EXERCISE>
Give back the exact lines of the material below from the one containing "Hyundai Grandeur Exclusive, 2021" through the one containing "Allegro Hoops - Gold", and no pictures.

DATA SUPPLIED>
————

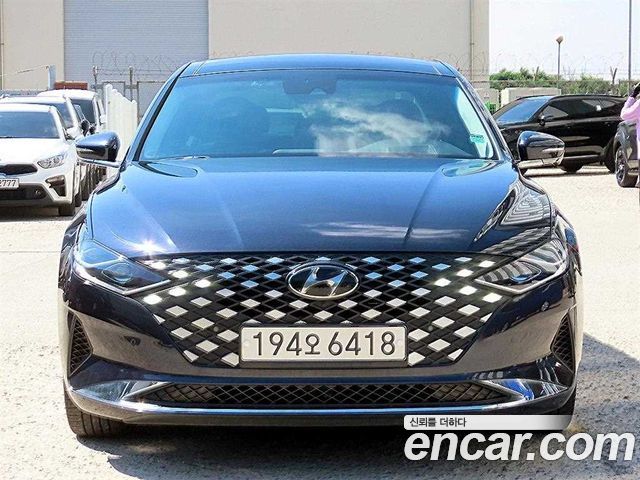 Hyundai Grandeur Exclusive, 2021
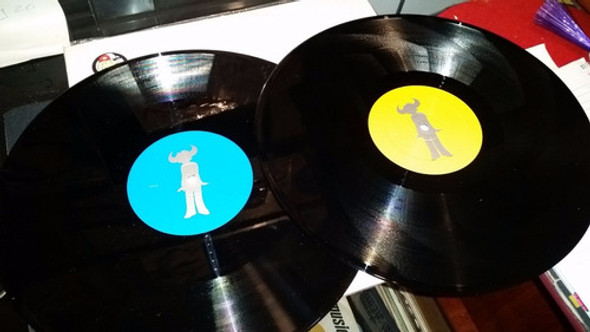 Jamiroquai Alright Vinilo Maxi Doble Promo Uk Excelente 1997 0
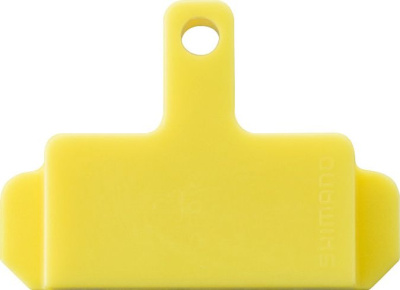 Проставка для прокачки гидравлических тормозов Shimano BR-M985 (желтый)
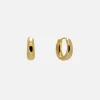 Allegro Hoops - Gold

————

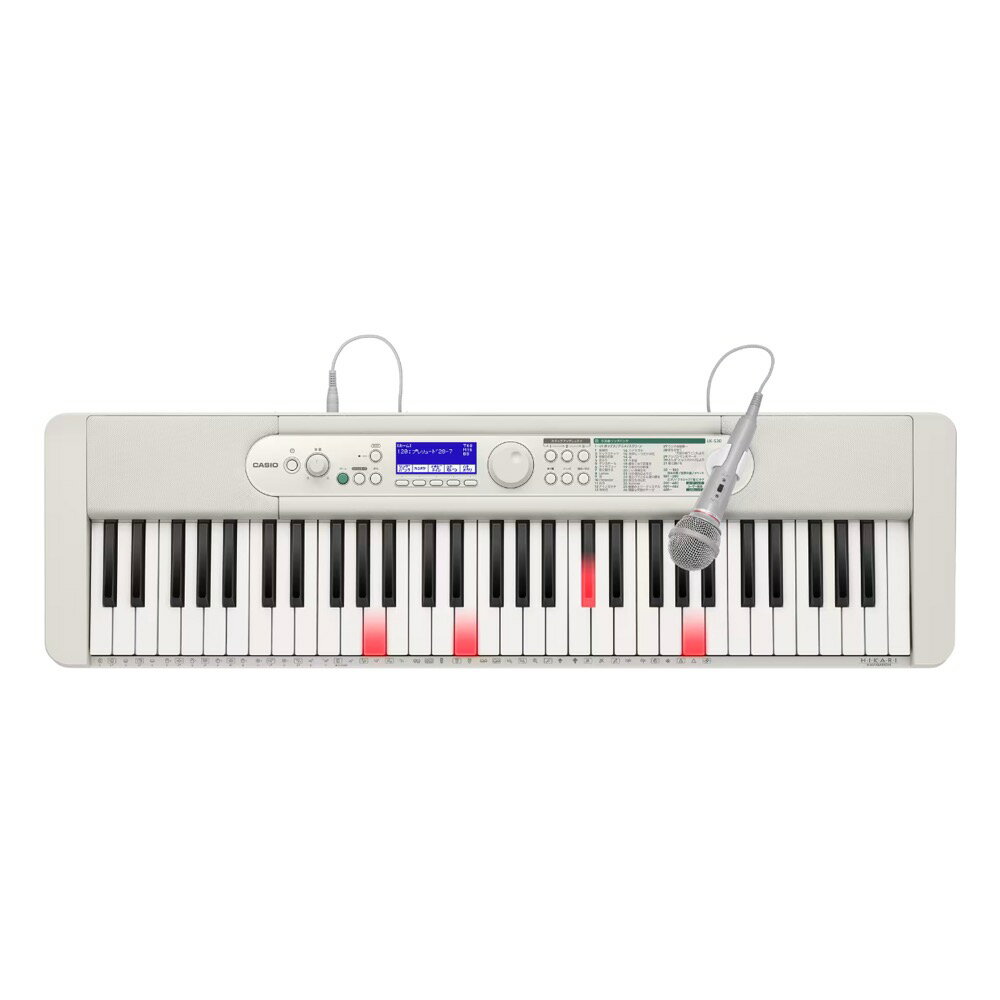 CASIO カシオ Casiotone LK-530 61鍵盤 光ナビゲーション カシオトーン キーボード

————

TASK RESPONSE>
 Hyundai Grandeur Exclusive, 2021
 Jamiroquai Alright Vinilo Maxi Doble Promo Uk Excelente 1997 0
 Проставка для прокачки гидравлических тормозов Shimano BR-M985 (желтый)
 Allegro Hoops - Gold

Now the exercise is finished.